We have received word of your conduct. Your behaviour was unacceptable. Primary, consenting to ride in a Muggle apparatus; secondary, being in company with the blood-traitor Weasley; tertiary, damaging school property; quaternary, allowing yourself to be apprehended in these activities. We believe you have received punishment at the hands of your professors, who inform us that you will be given detention. However, your spending money will be curtailed pending good behaviour.

Then, under that, in a rather smaller, more intense hand,

Draco darling, I do hope you're not hurt. You must never ever ever ride in one of those filthy Muggle things ever ever again, they are dangerous and operate on explosives. Next time you need help, just send an owl, and Mummy will be right there. Good luck and do well and write and let us know you're all right.

Lots of love

Father and Mother

"Sixth person in a row to recommend the owl remedy," said Ron, sounding cross.

"Why didn't you think of it?" Hermione demanded. "Any of you?"

"Don't look at me! Weasley was the one determined to have something to tell his grandchildren," said Malfoy.

"I don't think the chances of your surviving to have grandchildren are very high, Ron," Hermione said.

"The world can stand a little less Weasley, if you ask me," muttered Draco.

"If he had died, you'd've died with him," Harry said.

"Would've been almost worth it, then," said Ron.

"I'd've died too," said Harry. "And then Hermione would have been frightfully lonely."

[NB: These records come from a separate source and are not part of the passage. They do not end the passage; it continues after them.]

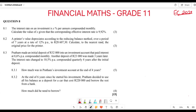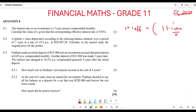They want us to calculate the value of x, given that the corresponding effective rate is 9.92 percent. What we are going to do is calculate the nominal rate. The formula is: one plus i-effective equals one plus i-nominal over m, to the power of m.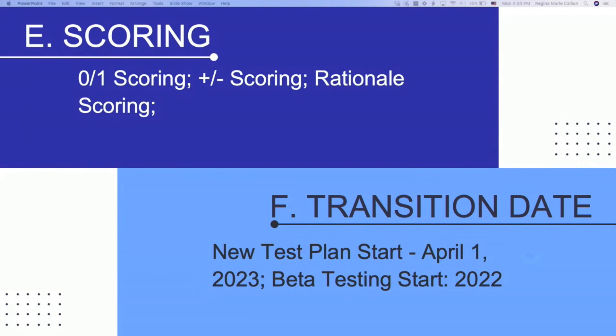This is where I get a lot of questions about partial scoring. We will see that there are going to be three major ways that the questions will be scored. They are titled the zero-one scoring rule, the plus-minus scoring rule, and the rationale scoring rule. I'm going to spend a little bit of time on each one of them.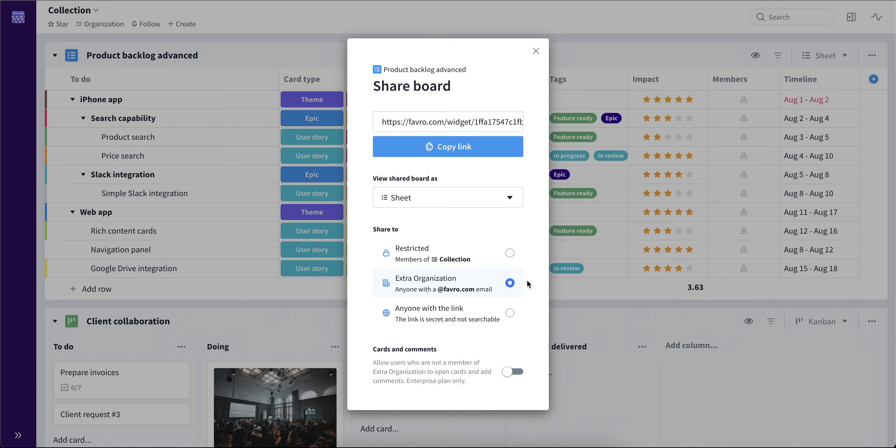Now in this option, you can also choose to turn on or turn off the cards and comments section, meaning with the option turned on, people can not only view the shareable link, but also open the cards and comment on them. Though this option is only available on the enterprise plan.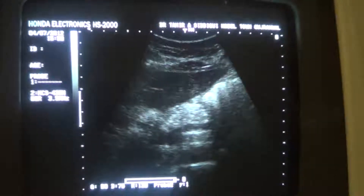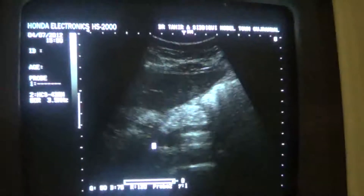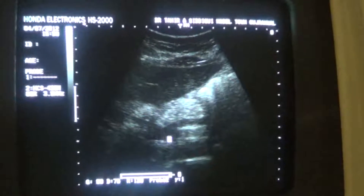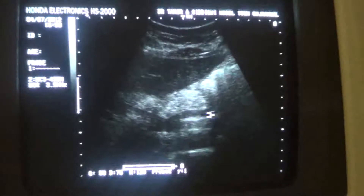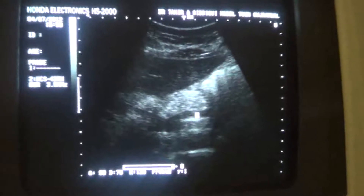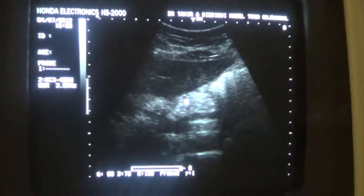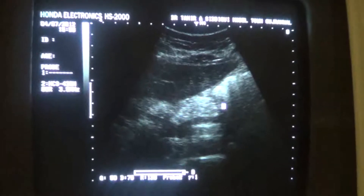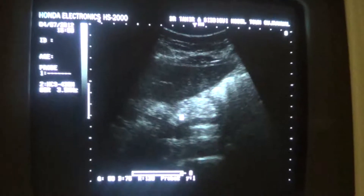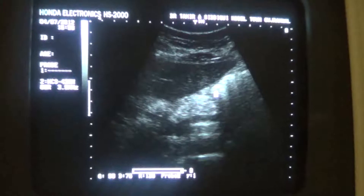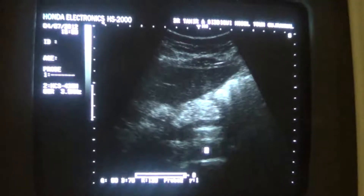In this transverse section, this is the superior mesenteric vein and this is the splenic vein — the landmark for identification of the pancreas. This is the pancreas, and this echogenic band is the body of the pancreas. These are the bowels, and this is the stomach.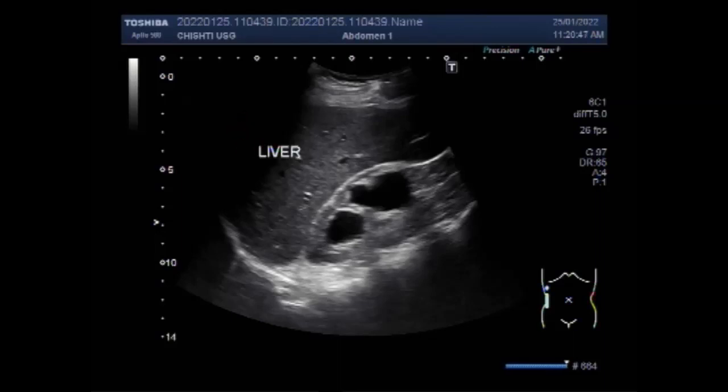This is the liver. This is the right kidney. The patient is aged about 22 years, a male patient.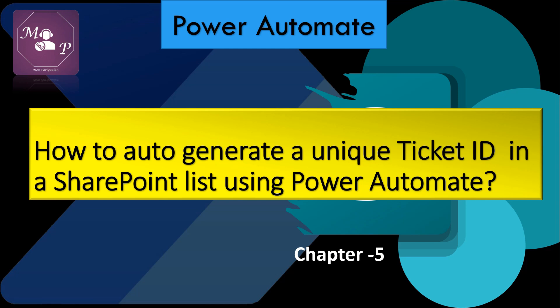Hello viewers, welcome to my new channel. We will talk about the first chapter in Power Automate series.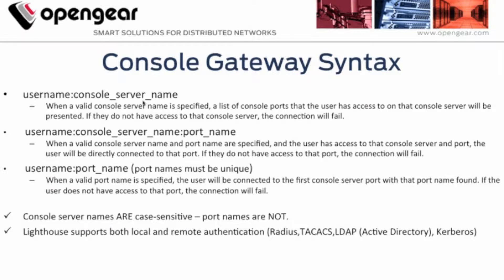Hi everybody, Keith here, OpenGear SE. Today I'll be reviewing our Lighthouse Console Gateway feature.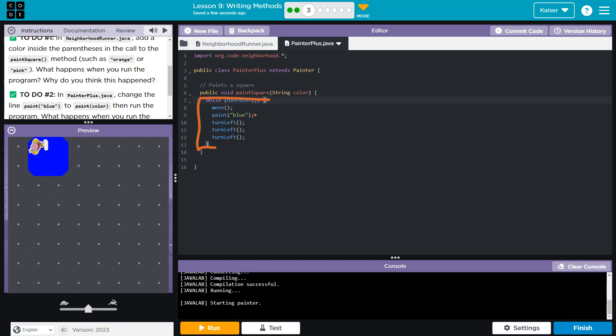Notice that we did pass it a variable, right? Whatever color we pass, it's going to be saved in color. However, it doesn't ever use this. It ignores this. Nothing cares about this. It's nowhere here.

"Frightfully," said Draco. "It's not like she has any other friends. You two are the only ones mad enough to put up with her."

"I don't want any of you to die," said Hermione.

"We're fine, look," said Ron. "It was a brilliant adventure, and I don't get why you and Percy and Mum and everyone are so cross about it."

"You're going to keep saying that until the day they find your body at the bottom of a ravine."

"And you're going to keep saying rot like that until the day you die of boringness."

"And we are all," said Harry, glancing at the clock, "going to be late for Herbology. Except Malfoy, of course."